Les fibres un moyen préventif des maladies du poumon

Selon une nouvelle étude des Annales de l’ « American Thoracic Society », une alimentation riche en fibres, serait non seulement bénéfique contre le diabète et les maladies cardiaques, mais pourrait aussi réduire le risque de développer une maladie du poumon.

C’est le résultat de l’examen, et analyse statistique des dossiers de 1921 adultes, âgés de 40 à 79 ans, qui ont participé au «National Health and Nutrition Examination Surveys » (NHANES), une enquête réalisée au cours de 2009 et 2010.

La consommation de fibres a été calculée sur la base de la quantité consommée de fruits, de légumes et de grains entiers. Les participants dont le régime alimentaire comprenait plus de 17,5 grammes de fibres par jour, étaient dans le quartile supérieur et représentaient un grand nombre de participants soit 571 personnes. Ceux consommant moins de 10,75 grammes de fibres par jour étaient dans le groupe inférieur et représentaient un nombre plus réduit de participants (360).

Les chercheurs rapportent que parmi les adultes dans le quartile supérieur de la consommation de fibres, 68.3 pour cent avaient une fonction pulmonaire normale, comparativement à 50.1 pour cent parmi ceux du quartile inférieur ; et que 14.8 pour cent seulement avaient une restriction des voies aériennes, comparativement à 29.8 pour cent de ceux du quartile inférieur.

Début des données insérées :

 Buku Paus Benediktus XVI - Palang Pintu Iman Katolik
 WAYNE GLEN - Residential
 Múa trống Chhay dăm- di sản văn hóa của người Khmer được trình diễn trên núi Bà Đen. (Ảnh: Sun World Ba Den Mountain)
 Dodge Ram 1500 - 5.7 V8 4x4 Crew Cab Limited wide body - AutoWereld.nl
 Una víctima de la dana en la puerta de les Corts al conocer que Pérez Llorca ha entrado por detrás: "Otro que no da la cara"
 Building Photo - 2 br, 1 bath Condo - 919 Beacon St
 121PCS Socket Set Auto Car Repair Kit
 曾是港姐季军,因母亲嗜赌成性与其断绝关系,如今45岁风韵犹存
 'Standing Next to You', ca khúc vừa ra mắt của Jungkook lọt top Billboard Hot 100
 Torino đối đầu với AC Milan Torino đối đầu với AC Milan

Par ailleurs d’après les résultats de deux tests respiratoires importants, il s’est avéré que les participants ayant un apport plus élevé en fibres, avaient des performances nettement meilleures que ceux qui ont une plus faible consommation. Ceux dans le quartile supérieur, avaient une plus grande capacité pulmonaire, et pouvaient expirer plus d’air en une seconde, que ceux dans le quartile le plus bas.

Les chercheurs ont ajustés les résultats obtenus par un certain nombre de facteurs démographiques et de santé, y compris le tabagisme, le poids et le statut socio-économique, et ont constaté que l’association entre la consommation de fibres et la fonction pulmonaire est tout à fait indépendante.